Interdite par la loi, la pratique de l’avortement est devenue un marché lucratif. L’interruption volontaire de grossesse (IVG) est pratiquée clandestinement par des tradipraticiens et des médecins généralistes, qui en ont fait un gagne-pain. Des personnes non qualifiées pour cet acte le pratiquent à longueur de journée et exposent les patientes à des complications graves, voire mortelles.

Les jeunes filles ou femmes qui ont eu recours à un avortement gardent le silence. Elles évoquent très rarement leur expérience, car l’avortement est un sujet tabou, réprimé par la loi, par la société et les religieux. Les jeunes filles enclines à l’avortement clandestin le font pratiquement toutes pour les mêmes causes : le déni de la grossesse par le partenaire, le poids des normes sociales et/ou le manque de ressources financières.

« Quand j’ai annoncé ma grossesse à ma mère, elle était anéantie. Comme moi, elle craignait la réaction de mon père. Son mariage allait certainement en pâtir. Je me suis fait avorter et, plus tard, j’ai fait croire à ma mère que mes menstrues étaient venues. Je culpabilise, chaque jour, je fais des demandes de messe pour solliciter le pardon divin », témoigne Coraly, qui a avorté à l’âge de 20 ans.

Interdire n’est pas prévenir

Si aucune estimation sur le taux national d’avortement n’est disponible en Côte d’Ivoire, des études indiquent que la pratique de l’avortement est répandue. En 2018, l’étude PMA2020 (Performance Monitoring and Accountability 2020) a conduit une étude pour produire des indicateurs de l’incidence et des conditions de recours à l’avortement en Côte d’Ivoire. Elle a révélé que 4 à 5 % des femmes en âge de procréer ont eu un avortement potentiel dans les 12 mois précédant l’enquête, soit entre 210 000 et 288 000 avortements par an en Côte d’Ivoire.

Et pourtant, le Code pénal ivoirien, en son article 366, punit l’avortement d’un à cinq ans d’emprisonnement et d’une amende de 150 000 Fcfa à 1 500 000 Fcfa (environ 230 à 2270 euros).
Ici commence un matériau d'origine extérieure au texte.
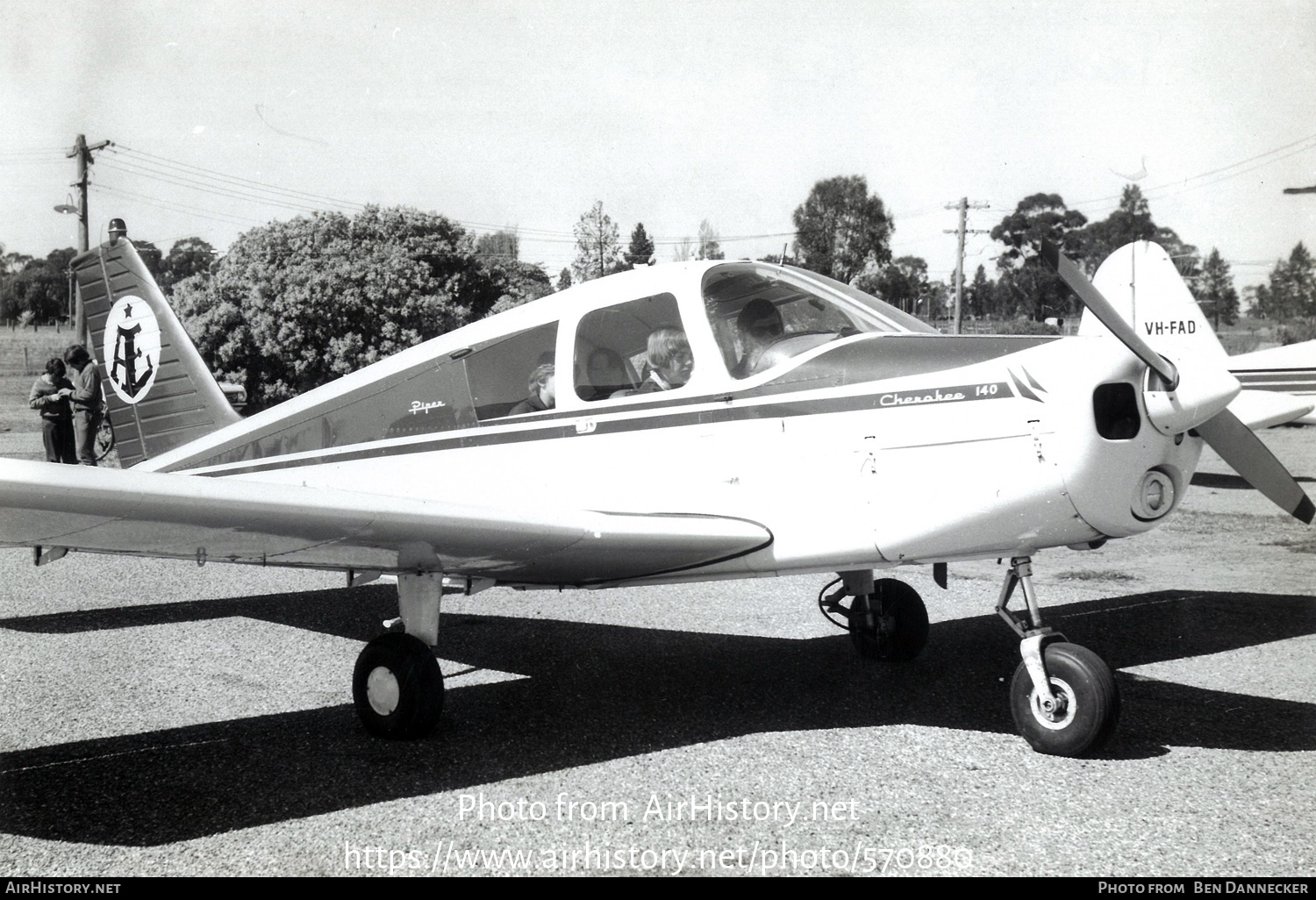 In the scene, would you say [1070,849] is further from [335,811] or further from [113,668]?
[113,668]

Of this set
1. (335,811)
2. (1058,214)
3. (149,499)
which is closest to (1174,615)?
(335,811)

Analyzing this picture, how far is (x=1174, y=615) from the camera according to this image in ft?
23.1

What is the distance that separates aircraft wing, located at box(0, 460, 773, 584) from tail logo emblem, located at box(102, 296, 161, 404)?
3.19 meters

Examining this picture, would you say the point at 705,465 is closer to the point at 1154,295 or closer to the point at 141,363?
the point at 141,363

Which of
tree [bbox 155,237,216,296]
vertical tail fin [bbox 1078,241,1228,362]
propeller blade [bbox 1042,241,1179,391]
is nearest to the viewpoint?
propeller blade [bbox 1042,241,1179,391]

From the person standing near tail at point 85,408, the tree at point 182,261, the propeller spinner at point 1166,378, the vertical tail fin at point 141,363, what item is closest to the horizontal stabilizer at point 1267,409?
the propeller spinner at point 1166,378

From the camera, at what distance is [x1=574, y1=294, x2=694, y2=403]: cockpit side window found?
15.5 ft

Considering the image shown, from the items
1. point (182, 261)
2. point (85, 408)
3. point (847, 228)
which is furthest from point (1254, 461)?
point (182, 261)

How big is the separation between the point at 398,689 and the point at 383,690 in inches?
3.9

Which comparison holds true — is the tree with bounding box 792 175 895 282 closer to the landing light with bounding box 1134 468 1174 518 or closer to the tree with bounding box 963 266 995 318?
the tree with bounding box 963 266 995 318

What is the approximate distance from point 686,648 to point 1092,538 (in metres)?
2.77

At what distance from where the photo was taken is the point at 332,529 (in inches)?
153

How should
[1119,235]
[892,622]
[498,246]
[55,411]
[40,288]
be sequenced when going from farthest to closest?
1. [1119,235]
2. [498,246]
3. [40,288]
4. [55,411]
5. [892,622]

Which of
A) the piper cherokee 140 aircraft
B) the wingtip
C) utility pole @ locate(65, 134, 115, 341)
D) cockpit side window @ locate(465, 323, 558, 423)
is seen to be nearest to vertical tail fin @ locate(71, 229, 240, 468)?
the piper cherokee 140 aircraft
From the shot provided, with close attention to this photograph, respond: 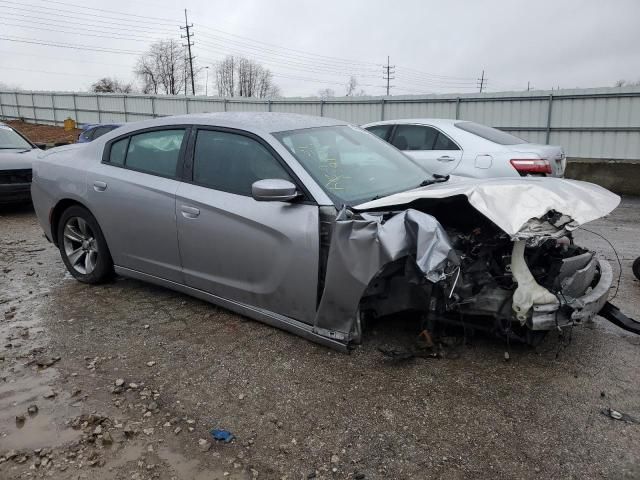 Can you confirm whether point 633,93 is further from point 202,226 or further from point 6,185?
point 6,185

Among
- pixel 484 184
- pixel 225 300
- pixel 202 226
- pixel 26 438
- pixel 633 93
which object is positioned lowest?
pixel 26 438

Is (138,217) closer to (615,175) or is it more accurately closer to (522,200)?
(522,200)

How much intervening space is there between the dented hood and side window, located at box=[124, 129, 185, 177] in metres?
1.70

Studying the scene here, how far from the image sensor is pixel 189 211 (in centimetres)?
399

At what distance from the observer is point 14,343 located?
3.90 m

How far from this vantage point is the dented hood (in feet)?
10.2

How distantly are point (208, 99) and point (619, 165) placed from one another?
1797 cm

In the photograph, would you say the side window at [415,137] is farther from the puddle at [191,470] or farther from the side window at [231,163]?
the puddle at [191,470]

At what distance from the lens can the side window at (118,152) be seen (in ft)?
15.4

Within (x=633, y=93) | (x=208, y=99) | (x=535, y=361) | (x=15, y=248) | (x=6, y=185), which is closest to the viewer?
(x=535, y=361)

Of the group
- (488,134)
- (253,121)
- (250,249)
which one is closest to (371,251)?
(250,249)

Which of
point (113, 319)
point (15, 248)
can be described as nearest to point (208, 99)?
point (15, 248)

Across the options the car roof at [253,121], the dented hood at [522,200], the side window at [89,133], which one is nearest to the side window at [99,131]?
the side window at [89,133]

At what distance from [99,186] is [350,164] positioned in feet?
7.39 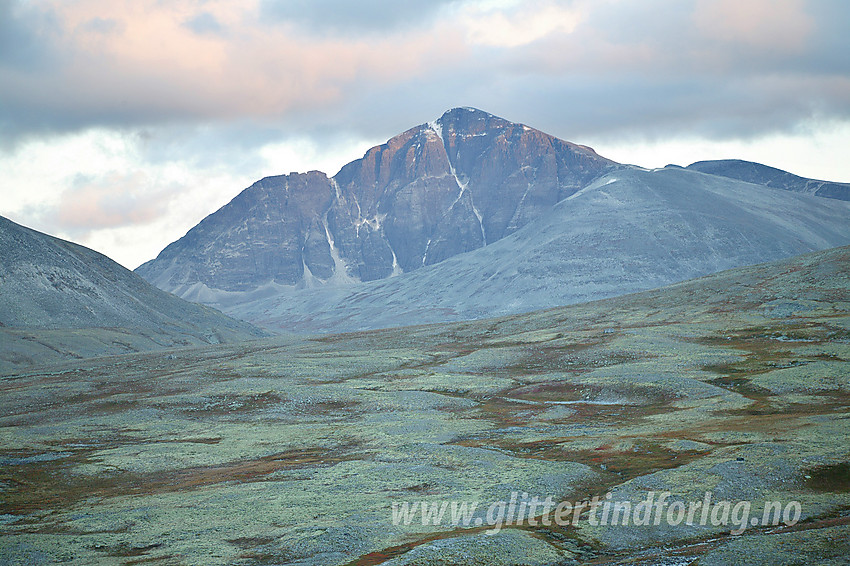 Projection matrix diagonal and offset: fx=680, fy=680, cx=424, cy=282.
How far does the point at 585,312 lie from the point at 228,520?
15177 centimetres

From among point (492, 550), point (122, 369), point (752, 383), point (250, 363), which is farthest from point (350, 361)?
point (492, 550)

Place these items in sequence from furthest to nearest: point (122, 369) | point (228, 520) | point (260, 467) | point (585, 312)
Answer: point (585, 312), point (122, 369), point (260, 467), point (228, 520)

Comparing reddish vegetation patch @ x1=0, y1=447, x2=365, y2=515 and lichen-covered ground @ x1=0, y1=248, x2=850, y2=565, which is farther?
reddish vegetation patch @ x1=0, y1=447, x2=365, y2=515

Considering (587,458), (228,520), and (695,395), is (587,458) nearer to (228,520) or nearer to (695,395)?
(228,520)

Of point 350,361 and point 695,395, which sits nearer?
point 695,395

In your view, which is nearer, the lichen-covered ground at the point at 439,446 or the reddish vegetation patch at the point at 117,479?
the lichen-covered ground at the point at 439,446

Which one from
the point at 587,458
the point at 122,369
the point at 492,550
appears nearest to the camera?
the point at 492,550

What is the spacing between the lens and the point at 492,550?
31562 mm

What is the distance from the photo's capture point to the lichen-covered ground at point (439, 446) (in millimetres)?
Answer: 33544

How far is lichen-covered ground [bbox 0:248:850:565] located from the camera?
33.5 m

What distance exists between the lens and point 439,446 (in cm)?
5788

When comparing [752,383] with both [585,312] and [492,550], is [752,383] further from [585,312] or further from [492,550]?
[585,312]

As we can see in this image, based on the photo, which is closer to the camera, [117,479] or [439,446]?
[117,479]

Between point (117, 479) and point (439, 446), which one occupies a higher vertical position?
point (117, 479)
Comme dans la plupart des pays africains, en Côte d’Ivoire l’opinion publique est catégorique : l’interruption volontaire de grossesse (IVG) doit rester un acte puni par la loi.

Seulement ceux qui, au cours de leur vie, ont connu une personne qui est morte durant un avortement clandestin osent donner un avis contraire.

« Personnellement, je suis contre l’avortement et en plus ma religion l’interdit. Mais, de mon regard de médecin, des filles laissent leur vie dans les tentatives d’avortement clandestin. Or, les autorités ne sont pas suffisamment regardantes sur cela. Un cas : j’ai perdu une amie, il y a trois ans. Elle m’a demandé de l’aider à faire passer sa grossesse parce qu’elle avait peur de son papa. Je lui ai demandé de laisser, mais elle est allée chercher de l’aide ailleurs et elle est restée dedans. Donc, après maintes réflexions, je suis un peu d’accord pour qu’on légalise en encadrant bien cette pratique par des textes de loi », raconte Jean-Baptiste, jeune médecin en fonction à Abidjan.

Si l’accès à la planification familiale est un droit fondamental, de nombreuses femmes et les jeunes filles ne sont pas encore en mesure de l’exercer. Et pour cause, les produits et les services de planification familiale ne sont pas à des prix abordables et accessibles à tout le monde.

De nombreuses jeunes filles sexuellement actives, qui souhaitent repousser le moment d’avoir des enfants, affirment ne pas utiliser de moyens contraceptifs, malheureusement. Ce qui participe davantage à accroître les risques de grossesses non désirées et le recours aux avortements pratiqués dans de mauvaises conditions de sécurité.

La Côte d’Ivoire ne dispose pas pour l’heure de loi sur la santé de la reproduction. L’avant-projet de loi du gouvernement relatif à la « santé sexuelle et de la reproduction » a été confronté à une vive opposition de l’Église catholique en 2018. En attendant que le politique et le religieux parviennent à accorder leurs violons, le fléau de l’avortement clandestin perdure et fait des ravages.